Why Students Are Being Told Not to Write About Race
The Realities of College Admission in 2025
Two years ago, the Supreme Court struck down race-conscious admissions, and its ripple effects are now landing in the most personal place for teenagers: their college essays. Counselors are warning students not to write about race, culture, or heritage, not because those stories don’t matter, but because colleges may have to ignore them altogether.
I want to pause here and say: I am not a journalist. I am just a mom trying to write this in the most neutral way possible so that families from all backgrounds can learn and consider data and facts that may not have felt relevant until your teen hit college-prep age. I am not an expert in politics or law or even college admissions, but this is happening in real time, and I don’t want us to look away.
History is So Important
Race-conscious admissions, often called affirmative action, began in the 1960s alongside the Civil Rights Movement. The idea was never that race was the deciding factor in admissions. It was one factor among many, considered along with grades, test scores, activities, and background, to help build a diverse student body and address historic inequities.
Over the decades, the courts narrowed and redefined what was permissible. In 1978, Bakke struck down quotas but allowed race to be part of holistic review. In 2003, Grutter v.
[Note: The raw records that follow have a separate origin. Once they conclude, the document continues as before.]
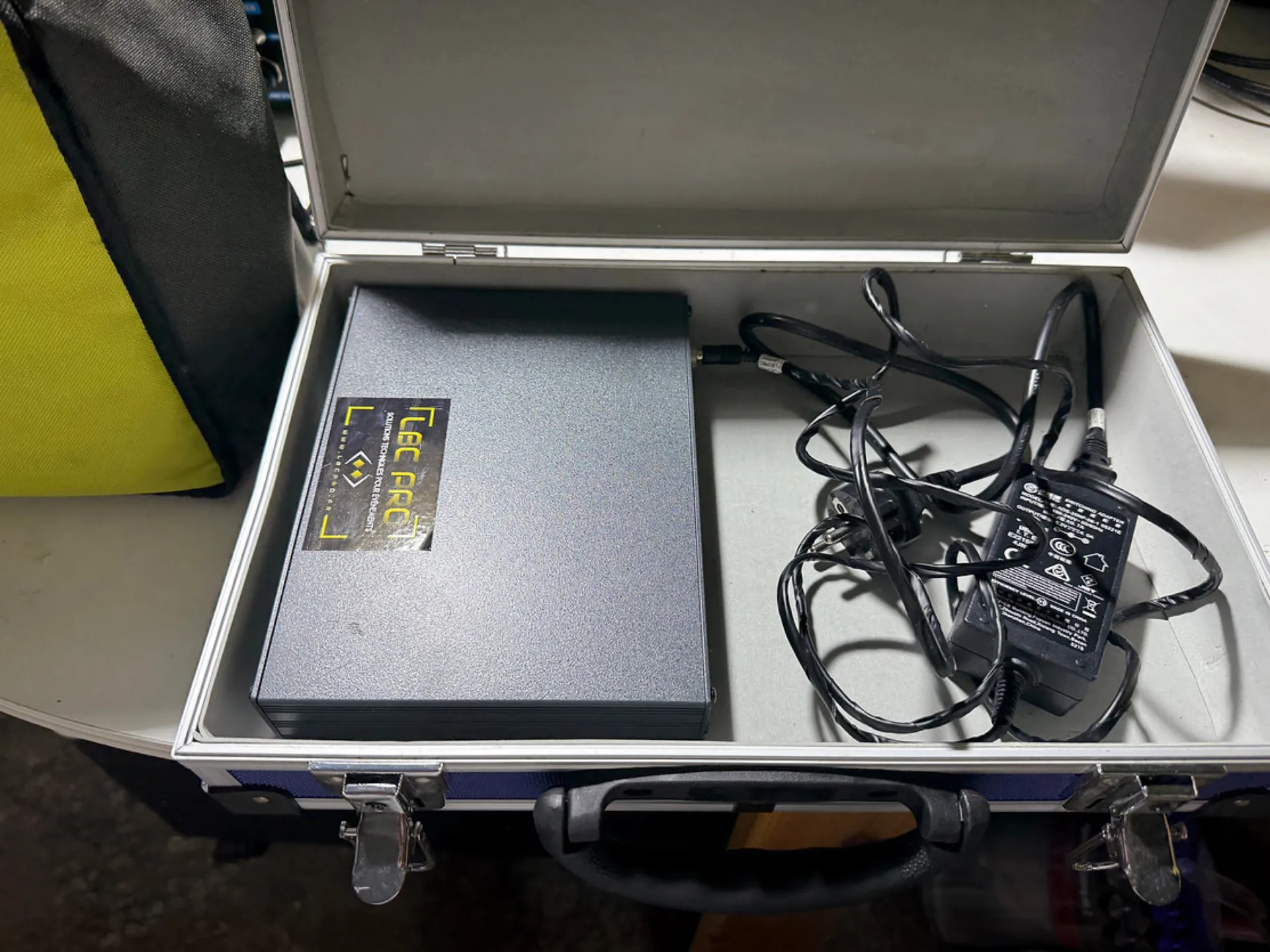 location répartiteur video hdmi à Aix en Provence dans les bouches du Rhône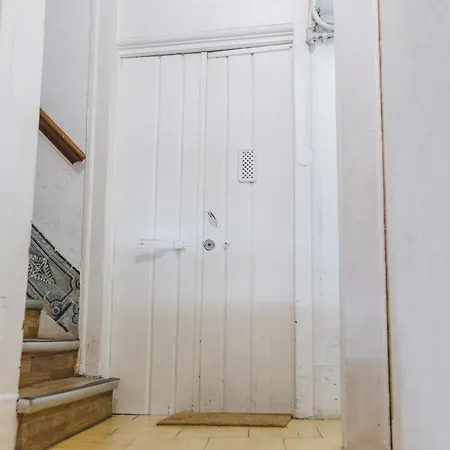 哥斯达城堡公寓 *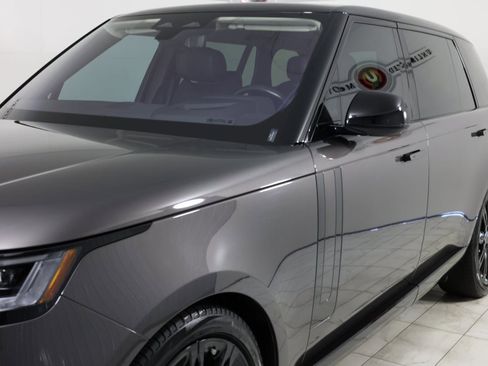 Used 2022 Land Rover Range Rover Long Wheelbase First Edition image 54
Bollinger reaffirmed that diversity was a “compelling interest.” More recently, Students for Fair Admissions v. Harvard/UNC (2023) ended the practice nationwide.
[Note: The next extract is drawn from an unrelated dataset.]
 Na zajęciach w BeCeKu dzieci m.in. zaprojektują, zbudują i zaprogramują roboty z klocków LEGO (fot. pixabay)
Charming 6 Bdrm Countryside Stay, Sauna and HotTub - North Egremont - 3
Since then, the landscape has shifted quickly. Predominantly white institutions have seen declines in Black student enrollment, while HBCUs reported a 5.9% increase in 2024. Some universities have pivoted to race-neutral measures like socioeconomic status, first-gen status, or geography. Others are experimenting with test-optional policies or rethinking legacy admissions.
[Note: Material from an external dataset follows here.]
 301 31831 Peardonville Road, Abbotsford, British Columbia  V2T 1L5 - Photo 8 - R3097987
For families who wonder why race was ever considered in the first place, history is key. If you, for example, don’t know what the term “redlining” is, this is a great place to start to learn more about the history of our country that is so often forgotten. History is SO important, and we so often make decisions based on what we’re being spoon-fed by social media or the news.
So, starting with this example, redlining was a government practice from the 1930s that denied loans and housing to entire neighborhoods based on race. Those policies shaped where people could buy homes, how property values grew, and whether families could build equity to pass down.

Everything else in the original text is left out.